Das US-amerikanische Sicherheitsunternehmen Blue Coat hat auf Anfrage von ZDNet mitgeteilt, dass es im Laufe des Jahres seine Geschäftspraktiken überprüfen will. Damit reagiert es auf anhaltende Kritik von Menschenrechtsorganisationen und Aktivisten. Zuletzt hatte Anfang der Woche „Reporter ohne Grenzen“ Blue Coat als eine der fünf Firmen genannt, die die Organisation als „Feinde des Internets“ betrachtet.
Zu den an den Pranger gestellten Firmen gehören neben Blue Coat auch Amesys, Gamma International, The Hacking Team und die deutsche Firma Trovicor. Die Organisation bezeichnet sie als „digitale Söldner“, die ihre Überwachungstechnik in den Dienst autoritärer Regimes stellen.
Blue Coat hat gegenüber ZDNet zu den Vorwürfen von Reporter ohne Grenzen erklärt, grundsätzlich fühle man sich zu Unrecht an den Pranger gestellt. Schließlich biete man mit seiner Filtertechnologie vielen Firmen und Einrichtungen die Möglichkeit, Inhalte in bedenklich und unbedenklich einzuteilen. Das sei wichtig, um zum Beispiel jugendgefährdende Inhalte oder auch bösartige Software zu unterdrücken.

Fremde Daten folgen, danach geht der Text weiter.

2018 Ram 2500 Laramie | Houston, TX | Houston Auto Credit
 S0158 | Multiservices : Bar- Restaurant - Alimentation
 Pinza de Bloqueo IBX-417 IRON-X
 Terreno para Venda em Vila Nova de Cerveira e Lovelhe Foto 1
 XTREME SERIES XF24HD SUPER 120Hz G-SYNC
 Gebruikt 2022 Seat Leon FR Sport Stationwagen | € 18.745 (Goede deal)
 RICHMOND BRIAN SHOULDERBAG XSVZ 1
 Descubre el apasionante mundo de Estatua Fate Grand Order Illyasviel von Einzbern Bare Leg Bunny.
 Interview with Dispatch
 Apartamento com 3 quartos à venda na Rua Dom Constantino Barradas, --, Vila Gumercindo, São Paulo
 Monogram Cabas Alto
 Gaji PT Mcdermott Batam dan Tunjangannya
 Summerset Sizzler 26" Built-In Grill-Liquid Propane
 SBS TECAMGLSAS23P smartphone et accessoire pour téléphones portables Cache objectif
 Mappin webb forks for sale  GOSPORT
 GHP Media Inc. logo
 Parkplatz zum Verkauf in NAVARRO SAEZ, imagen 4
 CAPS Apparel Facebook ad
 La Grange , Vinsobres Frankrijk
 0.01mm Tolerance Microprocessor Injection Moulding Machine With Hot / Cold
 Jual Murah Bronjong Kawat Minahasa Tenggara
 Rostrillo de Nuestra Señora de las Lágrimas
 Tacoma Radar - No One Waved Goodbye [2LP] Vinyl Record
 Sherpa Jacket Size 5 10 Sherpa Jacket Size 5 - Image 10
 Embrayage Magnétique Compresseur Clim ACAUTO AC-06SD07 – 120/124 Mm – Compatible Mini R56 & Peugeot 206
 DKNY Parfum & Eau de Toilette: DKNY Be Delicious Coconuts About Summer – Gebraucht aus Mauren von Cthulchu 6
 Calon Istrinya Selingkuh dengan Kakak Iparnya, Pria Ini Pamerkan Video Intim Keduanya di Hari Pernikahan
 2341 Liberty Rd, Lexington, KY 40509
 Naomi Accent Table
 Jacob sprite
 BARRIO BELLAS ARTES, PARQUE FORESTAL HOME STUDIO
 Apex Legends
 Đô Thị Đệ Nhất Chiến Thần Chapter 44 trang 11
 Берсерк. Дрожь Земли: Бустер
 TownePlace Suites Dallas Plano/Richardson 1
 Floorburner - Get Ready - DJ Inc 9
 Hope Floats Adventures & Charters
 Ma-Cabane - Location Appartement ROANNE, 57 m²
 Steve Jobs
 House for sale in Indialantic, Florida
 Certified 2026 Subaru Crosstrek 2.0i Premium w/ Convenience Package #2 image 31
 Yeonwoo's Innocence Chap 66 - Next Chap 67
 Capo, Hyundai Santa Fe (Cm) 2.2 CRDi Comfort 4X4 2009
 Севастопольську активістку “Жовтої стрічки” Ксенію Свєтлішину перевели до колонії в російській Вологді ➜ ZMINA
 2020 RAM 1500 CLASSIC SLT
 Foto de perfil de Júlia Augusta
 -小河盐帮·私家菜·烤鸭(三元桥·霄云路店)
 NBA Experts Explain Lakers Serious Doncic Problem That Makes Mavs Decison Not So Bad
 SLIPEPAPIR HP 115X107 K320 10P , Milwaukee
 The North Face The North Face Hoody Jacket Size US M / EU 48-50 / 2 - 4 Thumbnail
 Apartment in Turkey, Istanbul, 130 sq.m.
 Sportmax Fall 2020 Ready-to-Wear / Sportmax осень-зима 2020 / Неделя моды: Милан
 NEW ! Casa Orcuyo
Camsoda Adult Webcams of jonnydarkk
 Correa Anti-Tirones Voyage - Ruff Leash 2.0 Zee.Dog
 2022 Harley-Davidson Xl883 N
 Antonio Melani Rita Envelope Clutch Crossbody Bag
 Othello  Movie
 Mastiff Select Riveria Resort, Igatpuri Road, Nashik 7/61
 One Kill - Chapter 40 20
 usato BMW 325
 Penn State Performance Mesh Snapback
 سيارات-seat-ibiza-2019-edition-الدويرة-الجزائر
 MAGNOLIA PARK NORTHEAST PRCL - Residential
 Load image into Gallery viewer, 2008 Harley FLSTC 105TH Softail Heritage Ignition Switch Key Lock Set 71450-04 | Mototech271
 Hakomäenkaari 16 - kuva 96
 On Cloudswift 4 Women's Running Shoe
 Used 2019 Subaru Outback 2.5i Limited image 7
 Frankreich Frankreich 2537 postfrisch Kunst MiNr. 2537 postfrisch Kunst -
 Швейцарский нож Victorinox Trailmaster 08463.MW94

„Viele Unternehmen, die einen Internetzugang anbieten, ebenso wie Schulen, öffentliche Büchereien und andere Organisationen profitieren davon, indem sie den Zugriff auf bedenkliche Inhalte oder Anwendungen aus ihrem Netzwerk heraus kontrollieren können; dazu sind sie teilweise sogar gesetzlich verpflichtet“, heißt es in der Stellungnahme.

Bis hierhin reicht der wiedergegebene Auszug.